A novel artifact for testing large coordinate measuring machines

We present a high-accuracy artifact useful for the evaluation of large CMMs. This artifact can be physically probed by the CMM in contrast to conventional techniques that use such purely optical methods as laser interferometers. The system can be used over large distances; for example, over 4 meters, with an uncertainty of less than one part per million. The artifact is relatively inexpensive, robust for use in reasonable industrial environments, and significantly reduces testing time over traditional step gauge measurements.

Assessing ranging errors as a function of azimuth in laser trackers and tracers

Tilt and radial error motion of a laser tracker head as it spins about the two rotation axes result in small but measurable ranging and angle errors. The laser tracer, on the other hand, measures range with respect to the center of a high quality stationary sphere. It is therefore not expected to be influenced by the radial error motions of the carriage that carries the optics and the source, but the form error of the reference sphere and possibly the eccentricity in its placement with respect to the circular path traced by the carriage will be contributors to the ranging errors. In this paper, we describe experiments to assess the magnitude of these ranging errors as a function of the azimuth angle in different laser trackers and a laser tracer.

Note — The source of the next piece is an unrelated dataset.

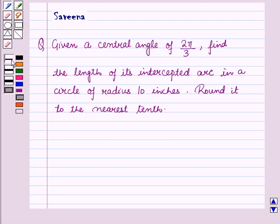Hello and welcome to the session. In this session we will discuss a question which says that given a central angle of 2π/3, find the length of its intercepted arc in a circle of radius 10 inches, rounded to the nearest tenth.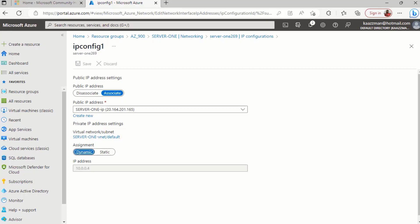Go ahead and make all the necessary changes that you want, and remember to click on the save button to save your changes. And there you have it — in this lesson we have covered how to assign an IP address to a VM in Azure. I'll see you in the next lesson, bye for now.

Properties of free-standing ball bar systems

Abstract This article offers recommendations to coordinate-measuring machine (CMM) buyers, sellers, and users on the design of free-standing ball bar systems used to evaluate the volumetric performance of CMMs according to the ANSI/ASME B89.1.12M standard. These systems are more widely used today than earlier methods such as magnetic ball bars. In this article we study the general design requirements, mechanical deformations under gravity and probing forces, vibrational considerations, and thermal effects on free-standing ball bar systems. We conclude with a summary of the issues in ball bar design, which must be considered in order to maintain an artifact error budget of ∼1 μm.

Performance evaluation of laser trackers

The American Society for Mechanical Engineers (ASME) recently released the ASME B89.4.19 Standard [1] on performance evaluation of spherical coordinate instruments such as laser trackers. At the National Institute of Standards and Technology (NIST), we can perform the complete set of tests described in the Standard, and have done so for a variety of laser trackers. We outline the tests described in the Standard, discuss our capabilities at the large-scale coordinate metrology group, and present results from B89.4.19 tests conducted on a few trackers. We also outline an analysis approach that may be used to evaluate the sensitivity of any measurement, including the tests described in the B89.4.19 Standard, to different geometric misalignments in trackers. We discuss how this approach may be useful in determining optimal placement of reference lengths to be most sensitive to different geometric misalignments.